Why is this L.A. high school the talk of the News 's opinion pages today? Because Motor City superintendent Connie Calloway plans to restructure five struggling schools in Locke's image.
Sounds like a pretty solid plan. Green Dot made its name as the first charter management organization to invite unions into its schools. But its labor contract is generally several-hundred pages shorter than a typical district contract. And in most other ways it embodies the kind of common-sense practices that produce well-managed schools. Again from the News editorial:
Green Dot teachers are unionized, but they have a much more flexible contract that makes teacher performance the top priority.
"Old union contracts were written for school districts, not kids," said Steve Barr, Green Dot's founder.

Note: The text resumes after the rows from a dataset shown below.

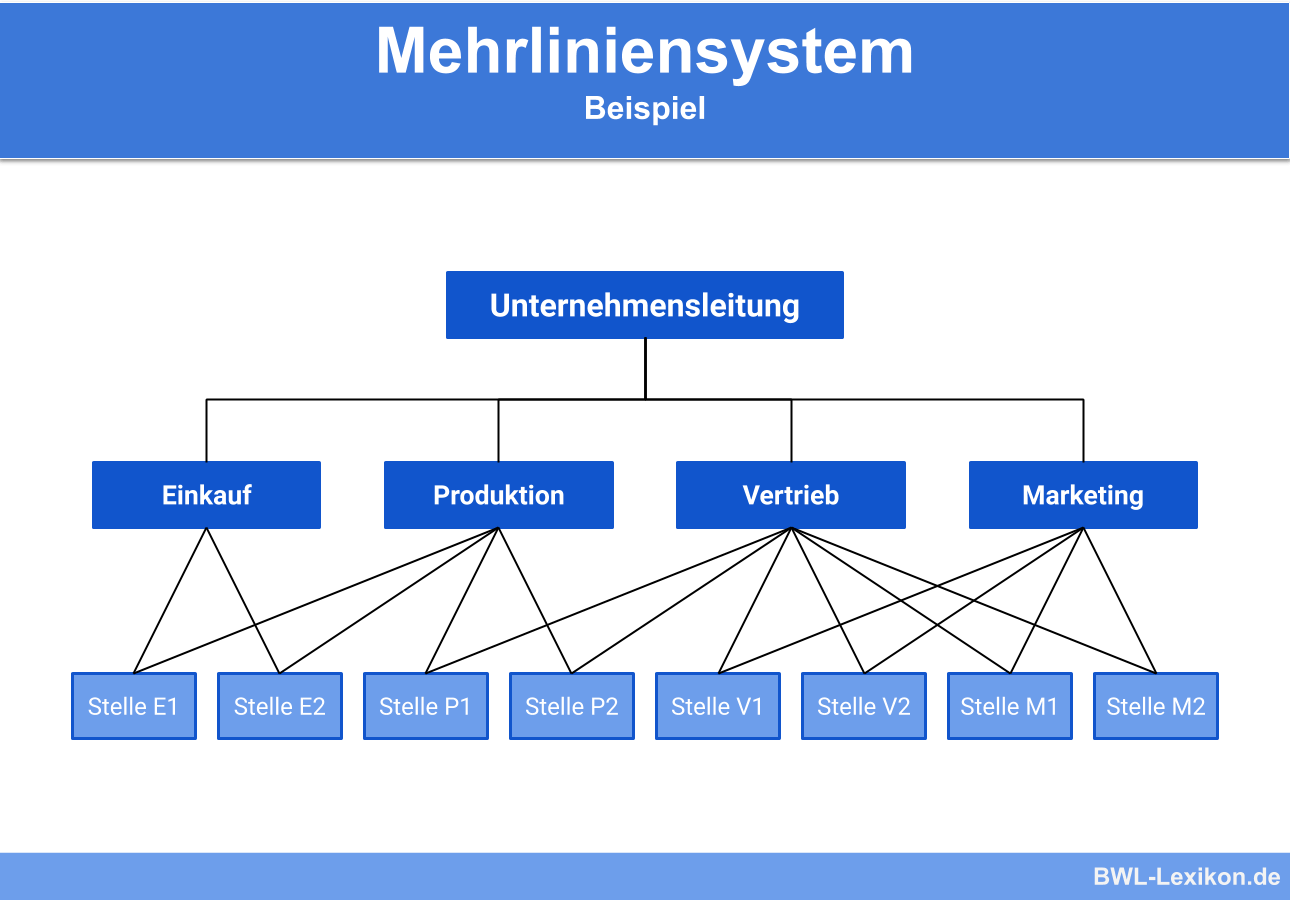 Mehrliniensystem: Beispiel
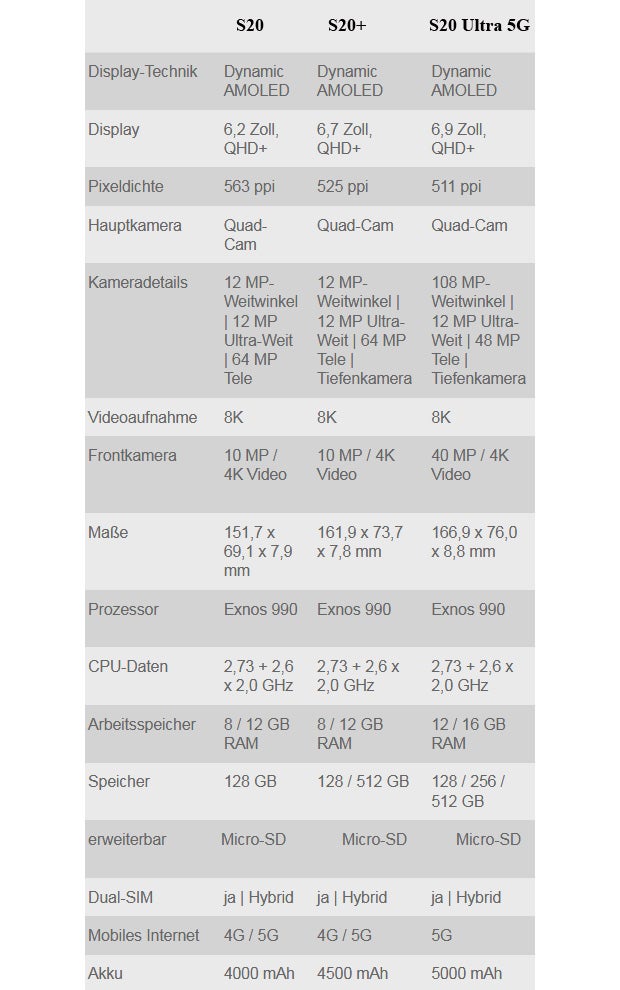 Samsung Galaxy S20-Reihe ab sofort in Österreich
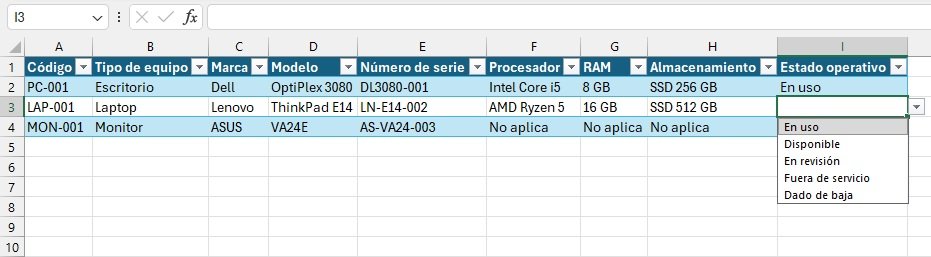 Lista desplegable de estados para inventario de equipos en Excel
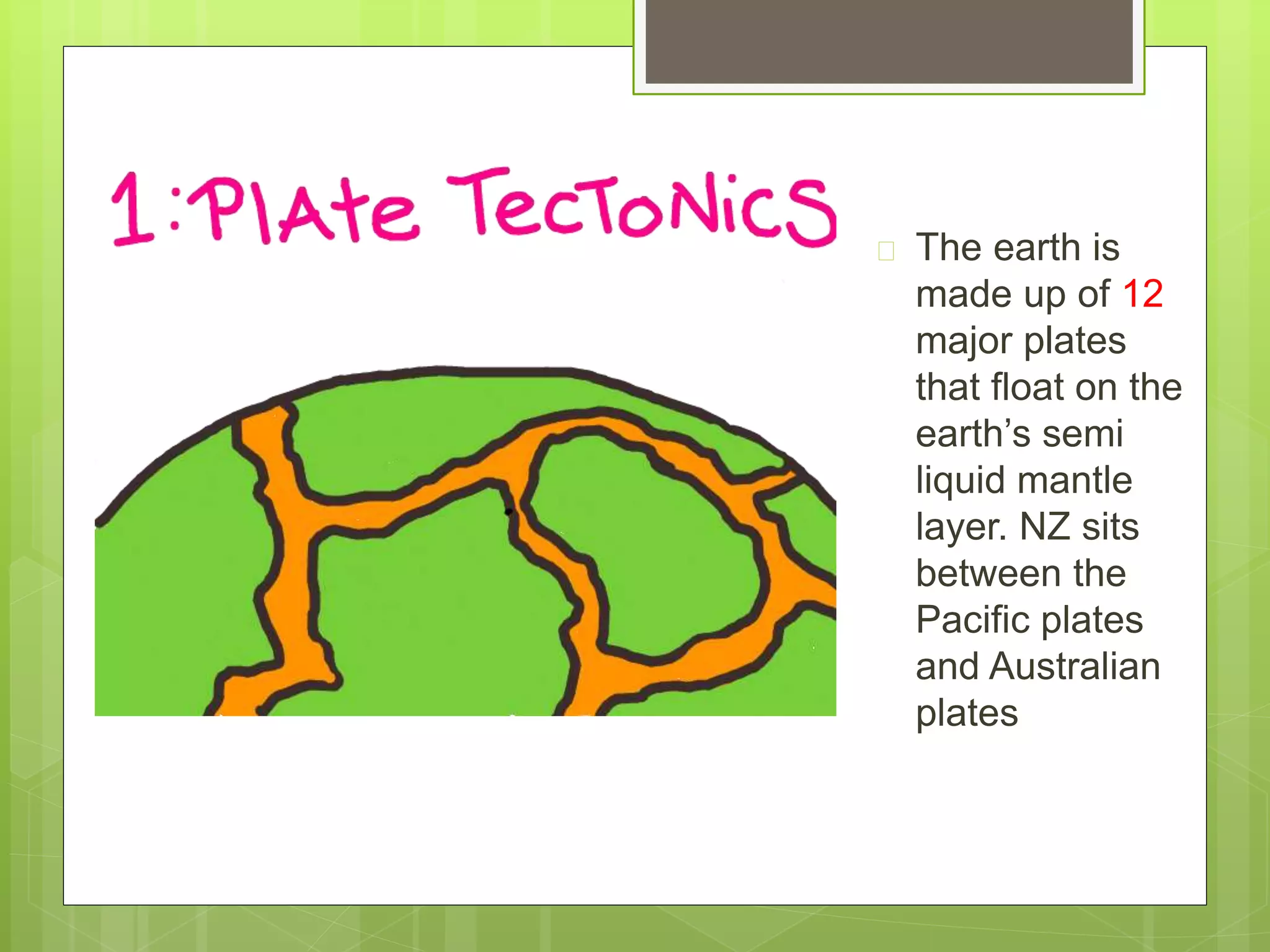  The earth is 
made up of 12 
major plates 
that float on the 
earth’s semi 
liquid mantle 
layer. NZ sits 
between the 
Pacific plates 
and Australian 
plates 
 
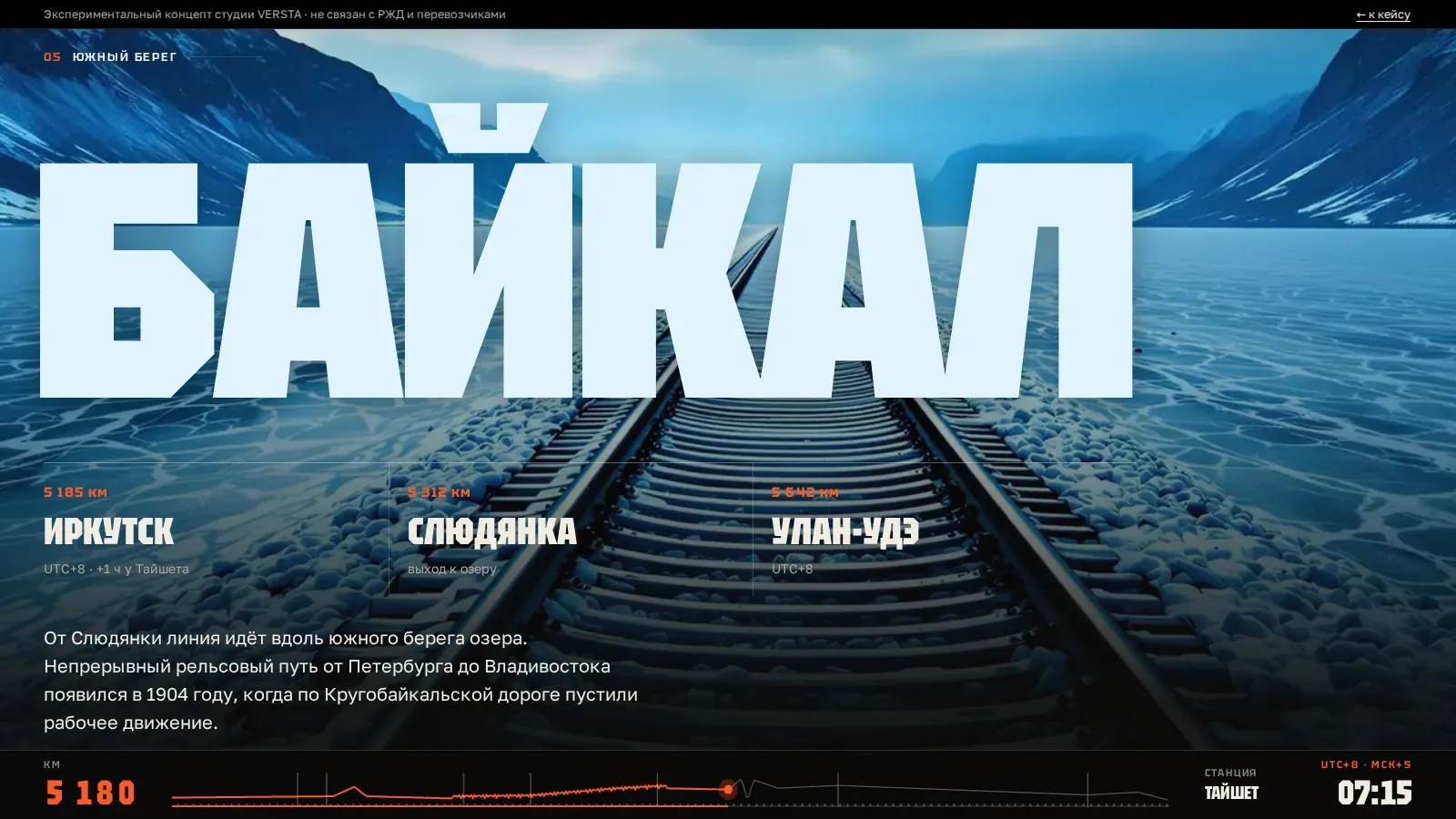 Глава Байкал: огромное слово на фото ледяного берега и отметки Иркутска, Слюдянки и Улан-Удэ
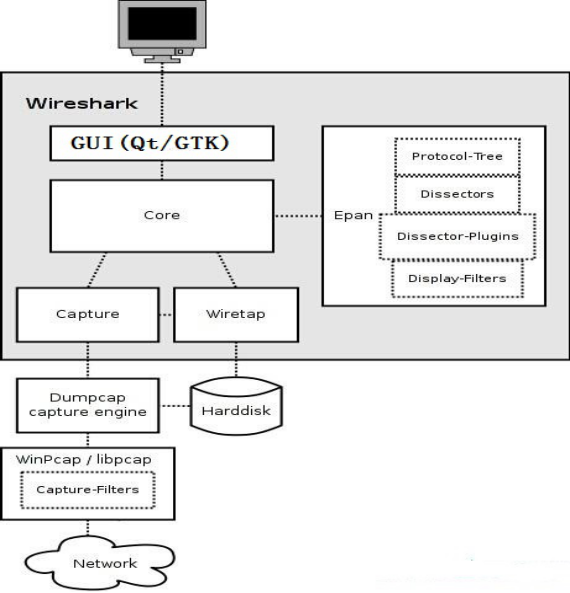 GNU开发工具——WireShark网络分析工具[通俗易懂]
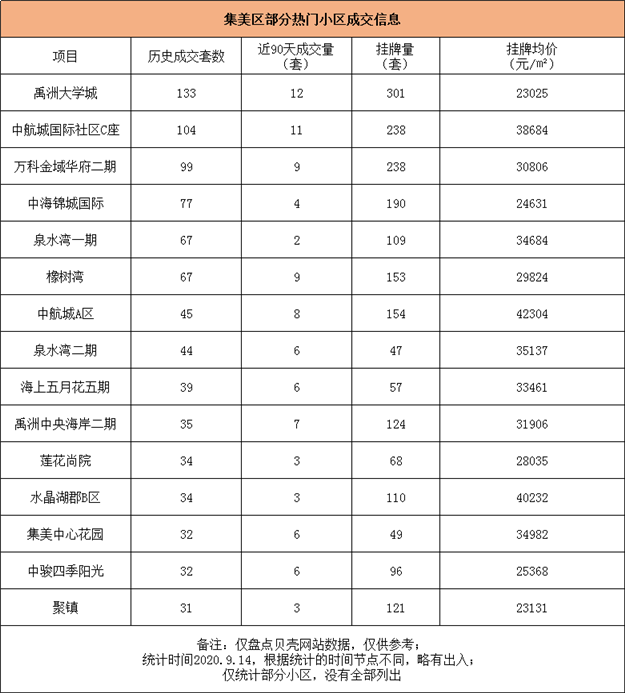 厦门86个热门小区曝光!最高成交133套!有小区90天卖17套!——九房网 厦门86个热门小区曝光!最高成交133套!有小区90天卖17套!——九房网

Teachers and principals have autonomy over their school budget, curriculum and hiring and firing. Green Dot administrators say they use a more rigorous hiring process to ensure the selection of high-quality teachers, which is one of the strongest predictors of student performance. There are no seniority preferences or teacher tenure. Teachers can choose between guaranteed retirement benefits--or a self-managed 401(k) retirement savings plan.
Teachers also work a "professional work day," or a salaried schedule without overtime pay.
Very good news for Detroit, which badly needs some good news . Let's hope it plays out as planned.